Епифанову, умному, хитрому, разбирающемуся в женщинах человеку, в этот драматический для обоих вечер было невдомек, что Шульженко в очередной раз сделала свой выбор, в котором уже ему не было места. Она сама решила идти своей дорогой, в гордом и горьком одиночестве.

Ей надо было жить дальше, надо было выступать с концертами, ездить на гастроли. Только это могло ее вылечить. Как и всегда, когда она болела, плохо себя чувствовала, ее лечила сцена. Она обязательно посылала короткие записки, чаще телеграммы, домой из городов, где она выступала.

«С 13-го по 31-е — тринадцать концертов. Конечно, устала, но это приятная усталость, потому что сцена и творчество — моя настоящая жизнь».

«Я живу в сутки два часа. Когда пою».

«Концерты проходят триумфально».

Как и каждый из нас, она любила читать о себе хвалебные отзывы. Смеясь, она говорила, что от такого чтения она никогда не устает и ей оно никогда не надоедает.

Пришло время собирать камни.

Середина шестидесятых вошла в историю нашей культуры мощным всплеском разнообразной художественной жизни. И сегодня, спустя тридцать лет, ощущается дыхание того времени, где было много романтического тумана, надежд, которым не суждено было сбыться. И что бы там ни говорили те, кого раздражают «шестидесятники», но до сих пор осталось воспоминание о чистом свежем воздухе, какой бывает после сильного и короткого летнего ливня. Освежающее воздействие экологически чистого ливня коснулось и эстрадной песни. Думается, у нее за всю российскую историю XX века не было такого редкостного взлета (за исключением, возможно, военного периода). Марк Бернес написал об этом времени в своей статье: «Я не помню времени, когда отношение к песне было бы таким серьезным, как теперь, когда от песни ждали бы не только некоторой лирической теплоты, но большой мысли, предельно искреннего чувства, исключающего всякую позу, и обязательно прикосновения к жизненным проблемам».
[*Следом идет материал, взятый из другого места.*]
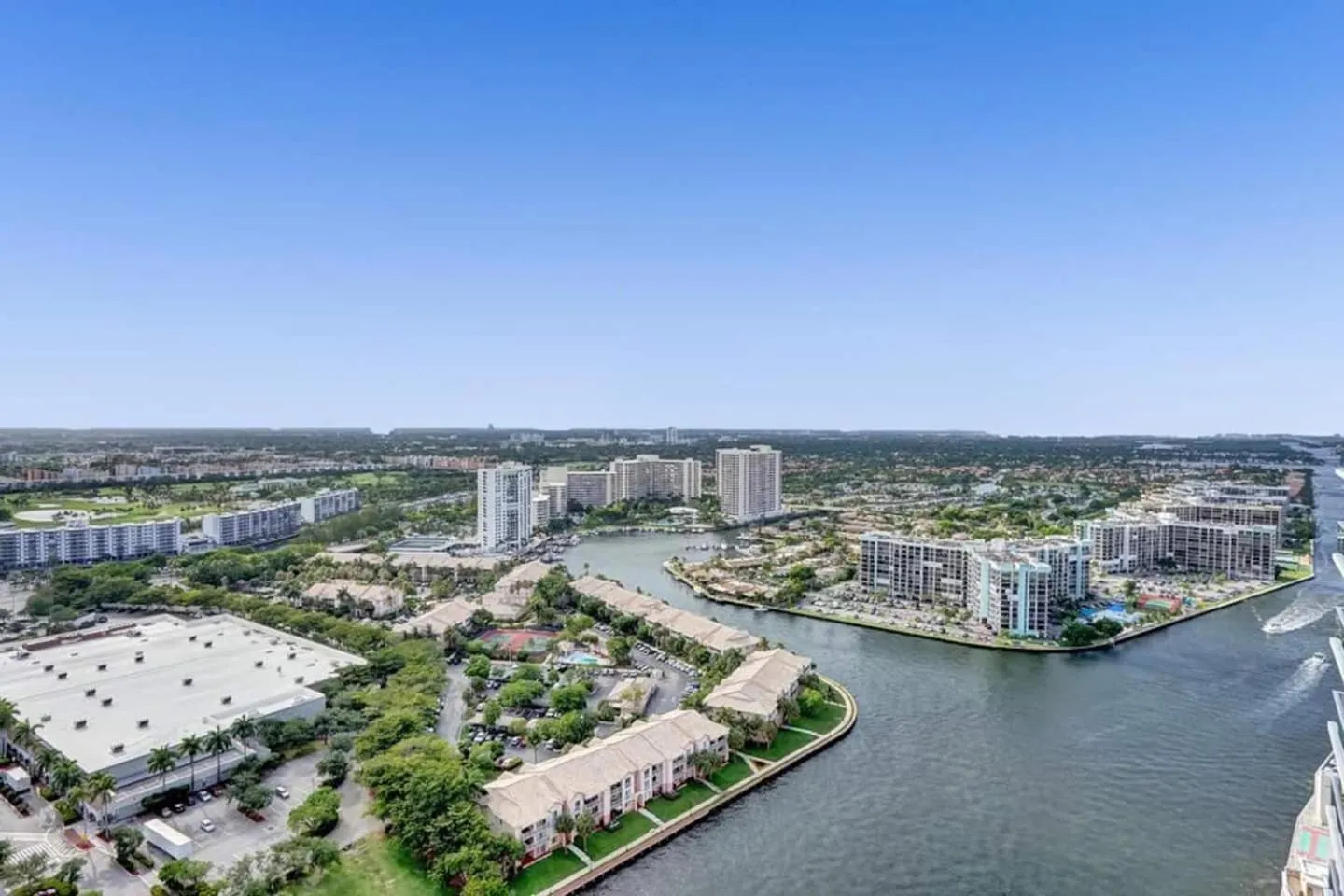Amazing Apartments At H Beach House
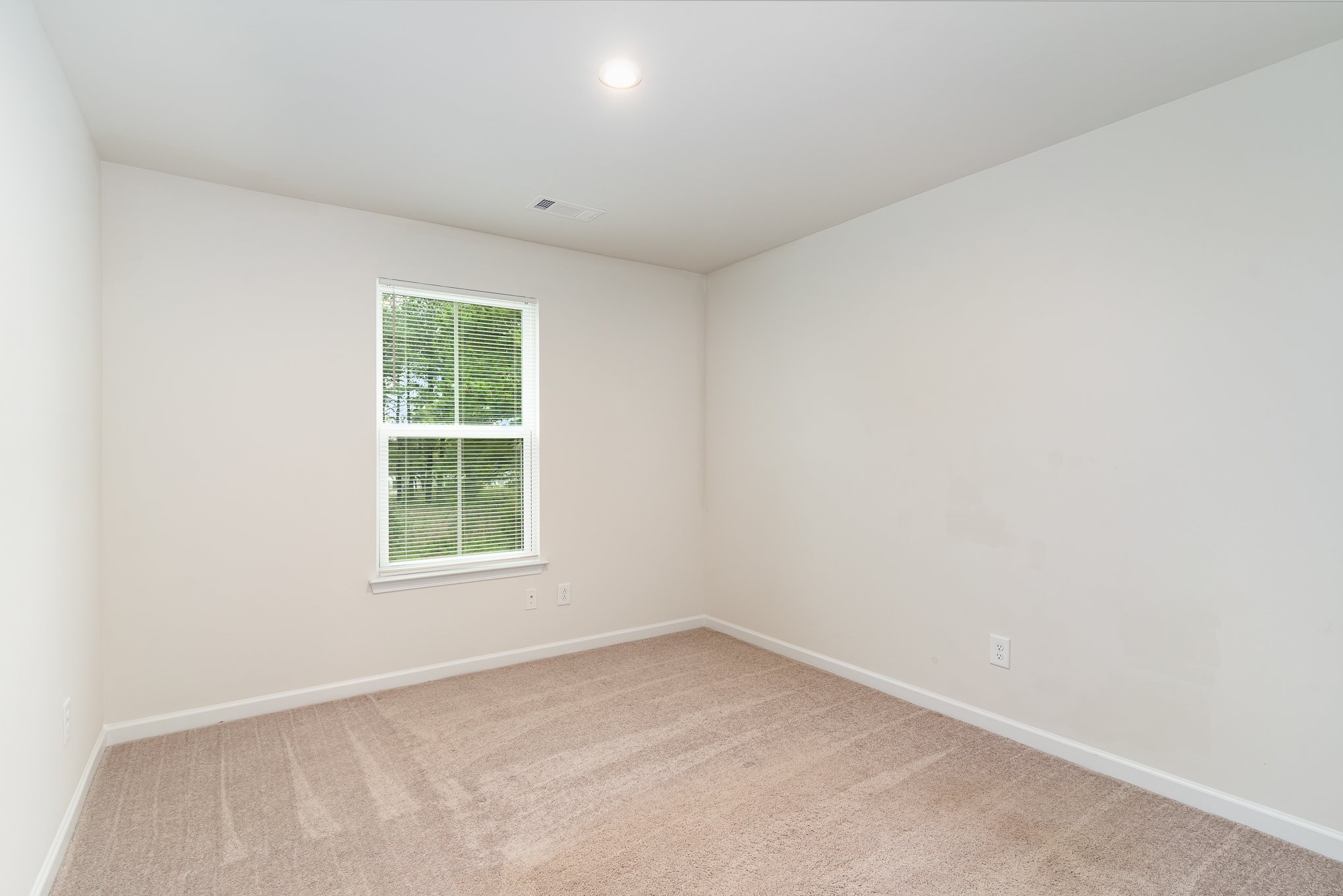 160 Keelon Gap Road Spring Hill, TN 37174 - Photo 25 of 32 an empty room with a window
В октябре 1965 года в Московском театре эстрады, что на Берсеневской набережной, в течение десяти дней проходил фестиваль «эстрадной советской песни». Уже у выхода из метро «Библиотека имени Ленина» спрашивали лишний билет. А от метро до театра идти минут пятнадцать, через Большой каменный мост. На том фестивале появились новые имена, впоследствии надолго вошедшие в основную обойму советской песенной эстрады. Милая выпускница Московской консерватории по классу фортепьяно Тамара Миансарова исполнила «Пусть всегда будет солнце». Она много потом пела — разных песен, среди них было много хороших, но в историю эстрады она вошла с этой славной жизнерадостной вещью, ставшей гимном мальчишек и девчонок начала 70-х годов. Ну и, конечно, Майя Кристалинская. В ней видели продолжательницу традиций Шульженко. Не очень с этим согласен. Да, она тоже была из того поля, где произрастают diseusese, у нее тоже была своя интонация и свой репертуар. Полагаю, нужно говорить о традициях хорошего вкуса, о традициях культуры. В таком случае — это фундамент, на нем можно построить добротное здание. Жаль, что Майя Кристалинская так быстро ушла из жизни, ушла, когда интерес к ней был достаточно стойким…

А потом был вечер Клавдии Ивановны.

Что такое — фестиваль? Какой бы он ни был, фестиваль не только смотр, но и соревнование. Даже если не вручают призов. Выяснилось, что Шульженко ни с кем не соревновалась, хотя, повторяю, в том далеком 65-м году в театре эстрады было достаточно достойных имен, что и подтвердила их дальнейшая карьера. Клавдия Ивановна же не соревновалась, потому что у нее был свой мир, своя система координат, своя, только ей присущая аура… Публика на протяжении всех десяти дней была доброжелательна и щедра. Московские зрители, особенно в последние десятилетия, как многие отмечали, намного добрее и сердечнее, скажем, зрителей западных. Что они и подтвердили на протяжении десяти фестивальных дней и вечеров. Но то, что обрушилось на Шульженко, не шло ни в какое сравнение с предыдущими вечерами. Дело не в «бурных аплодисментах», не в количестве возгласов «браво» и «бис», и даже не в числе букетов, их было великое множество. Шульженко потом вспоминала, что она постоянно ощущала, как из зала на нее накатываются волны удивительной сопричастности зрителей, той редкой сердечности, которая рождает невероятный прилив сил. Так возникает тесный контакт певицы и публики.